For her part, Kholoud, 42, draws attention to the concern that by bidding for a state on the 1967 borders, the Palestinian Authority is essentially recognizing the right of the state of Israel to exist on its 1948 borders, and in doing so admitting 1948 refugees have no right of return to pre-1967 Palestine. This, she and others fear, obliterates the claims of many refugees in Lebanon to the right of return.

Palestinian refugees will not be considered citizens

Quoted in the Lebanese English language daily, The Daily Star, Palestinian ambassador to Lebanon, Abdullah Abdullah, offered some consolation by making clear that citizenship of a new Palestinian state would not be granted to refugees in Lebanon or elsewhere.

“… even Palestinian refugees who are living in [refugee camps] inside the [Palestinian] state, they are still refugees.
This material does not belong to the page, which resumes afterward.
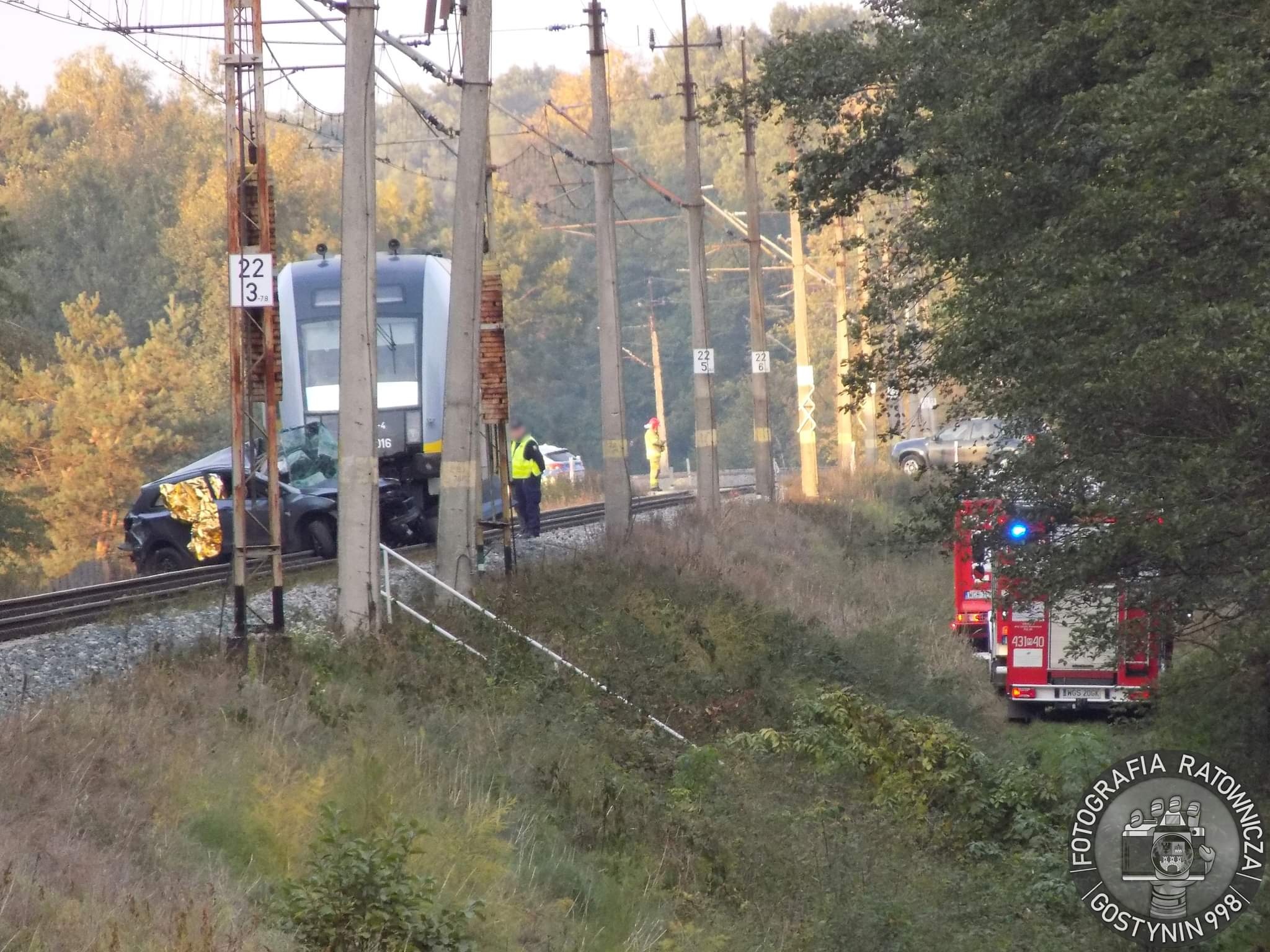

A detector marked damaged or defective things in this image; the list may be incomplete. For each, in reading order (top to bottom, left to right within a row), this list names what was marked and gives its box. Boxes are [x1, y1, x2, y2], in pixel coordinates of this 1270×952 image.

They will not be considered citizens,” he said.

But he could not offer solid reassurance on the inviolability of resolution 194. “How the issue of the right of return will be solved I don’t know, it’s too early [to say], but it is a sacred right that has to be dealt with and solved [with] the acceptance of all. … [but statehood] will never affect the right of return for Palestinian refugees,” he is quoted as saying in The Daily Star.

His words do little to soothe the diverse fears of Burj al-Barajneh’s residents. “The ones who will benefit from this state are Mahmoud Abbas and his gang,” Farrah says definitively.

“There’ll be no change, no change,” Mohammed stresses, “The US is bad; Israel is bad.”

“We will be forgotten,” Nabil reiterates.

Yet amid all the discussion there is one point of unanimity. State bid or no state bid, come benefits or costs, there is absolutely zero faith remaining in the potential for negotiations to yield progress.

“For 19 years we’ve had negotiations and no progress,” Nabil says.

“Negotiations don’t find a solution,” Mohammed states.

Despite last-ditch diplomatic efforts by the US and Israel to convince the Palestinian Authority to re-chart its course, Abbas is due to bring the full membership bid to the U.N. Security Council Friday, where the U.S. has already declared it will use its veto despite some late speculation that the Palestinians might give the Security Council an extended period to discuss its options.

US President Obama’s speech to the UN General Assembly Wednesday firmly set out his oppposition to Abbas’ move declaring there was no “short cut to the end of the conflict” and that peace would not be acheived “through statements and resolutions at the United Nations.” President Obama’s speech made no mention of settlement expansion, the 1967 borders or other issues currently acting as an obstacle to any renewed negotations, intead strongly emphasising his country’s continued support for Israel’s security.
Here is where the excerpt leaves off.